Agradeço aos amigos Seleiro e Plácido as palavras de compreensão.
Durante 38 anos, este acto, que para muitos pode parecer cobardia, ficou guardado na minha memória, e só agora tive coragem de falar publicamente neste assunto. Devo dizer que os homens destes 2 Pelotões eram excelentes militares e seres humanos excepcionais. E naquele dia, perante o que já contei, achei um acto de coragem a sua frontalidade de dizerem "NÃO AVANÇAMOS MAIS!" Eu e o meu camarada Furriel Santos, limitamo-nos a aceitar a decisão deles, e fui eu que dei a ordem de retirada, e de regresso ao quartel.

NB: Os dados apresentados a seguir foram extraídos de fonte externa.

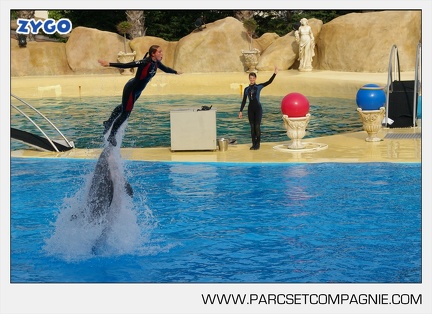 Marineland - Dauphins - Spectacle - 17h45 - 3776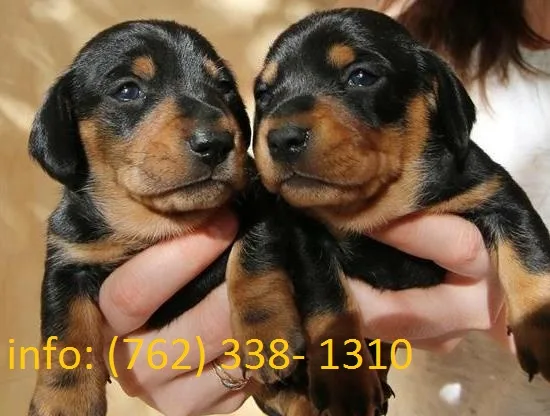 Kidhj miniature dachshund puppies 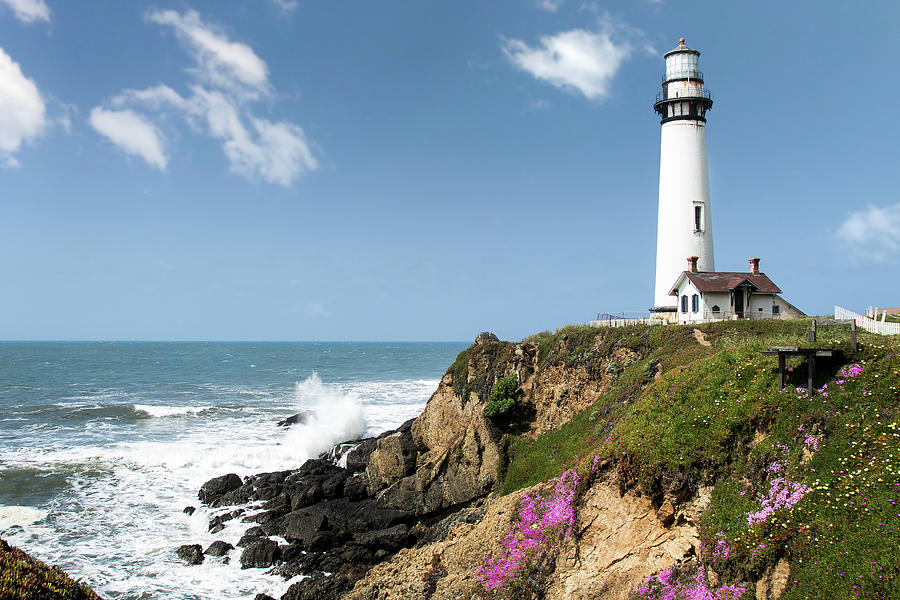 Pigeon Point Lighthouse Photograph by Gary Geddes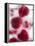 A Glass of Water with Raspberry Ice Cubes-Nadja Walger-Framed Premier Image Canvas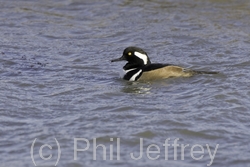 Hooded Merganser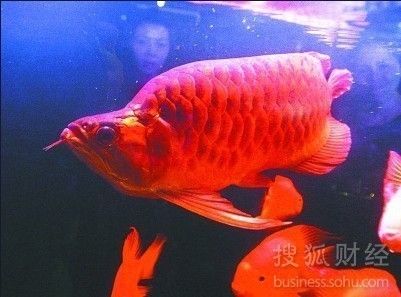 武漢紅龍魚價格：武漢紅龍魚價格受到多種因素影響價格趨勢預(yù)測紅龍魚價格趨勢預(yù)測 紅龍魚百科 第4張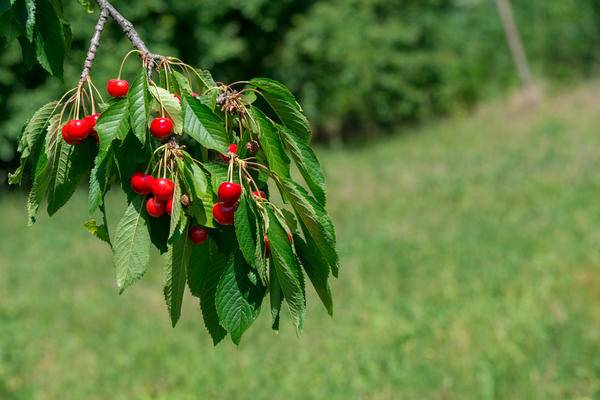 Почему не плодоносит черешня — основные причины и советы что делать если не цветет дерево черешни (80 фото и видео)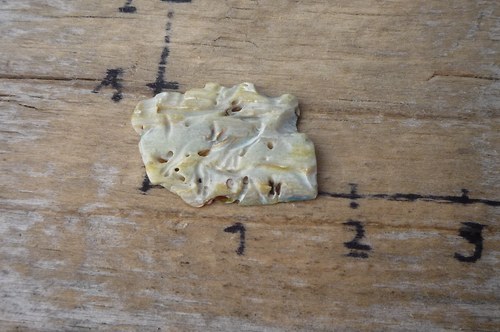 Paua mušle P4785 — foto 2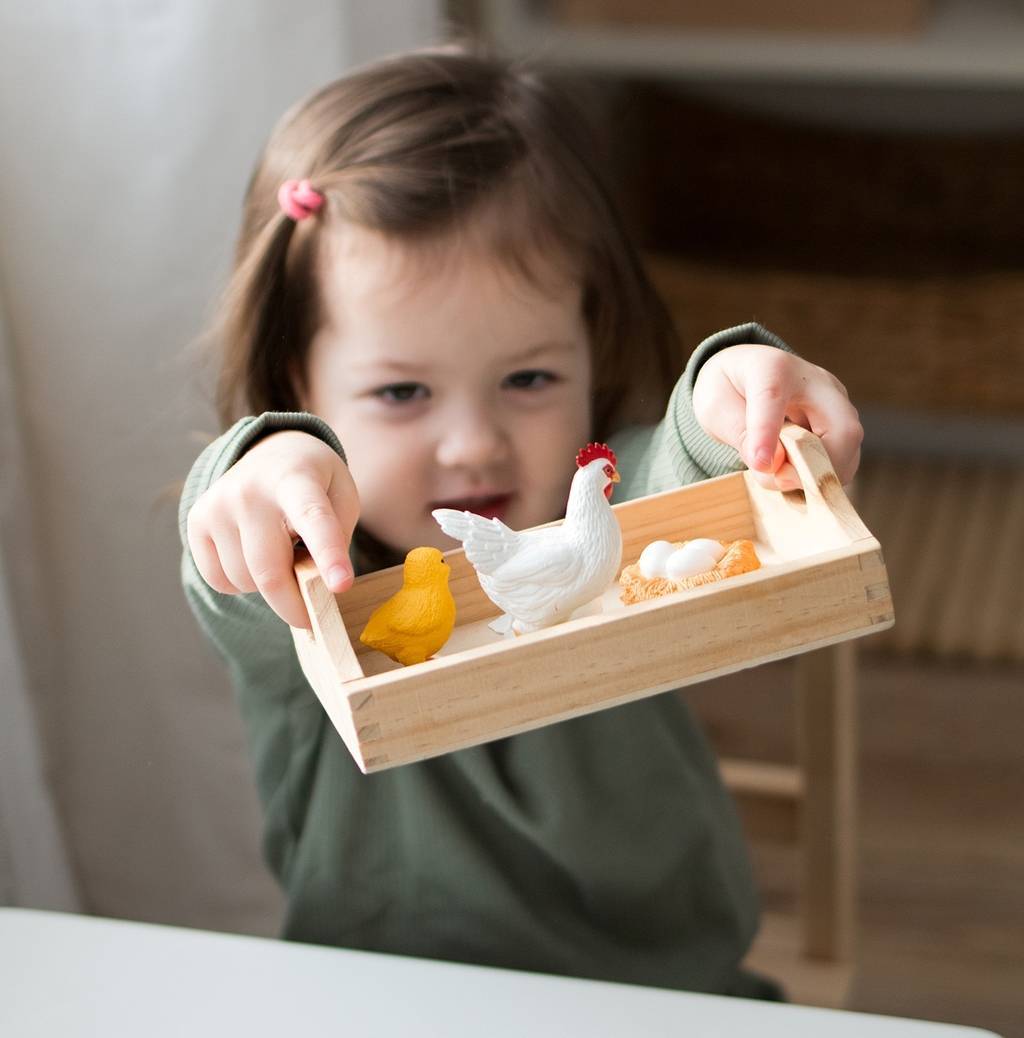 Набор фигурок "Жизненный цикл курицы"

Afinal estavamos todos exaustos e fartos daquela maldita guerra.
De realçar que eu e o Furriel Santos fomos separados e transferidos de quartel, só nos voltamos a reencontrar na Companhia, em S. Domingos, com vista ao regresso à Metrópole, em Março de 1973. Nunca mais tinhamos falado desta ocorrência, e só há poucos dias desafiamos as nossas lembranças.
Agradeço ao amigo Seleiro a oportunidade que me deu de expressar este desabafo.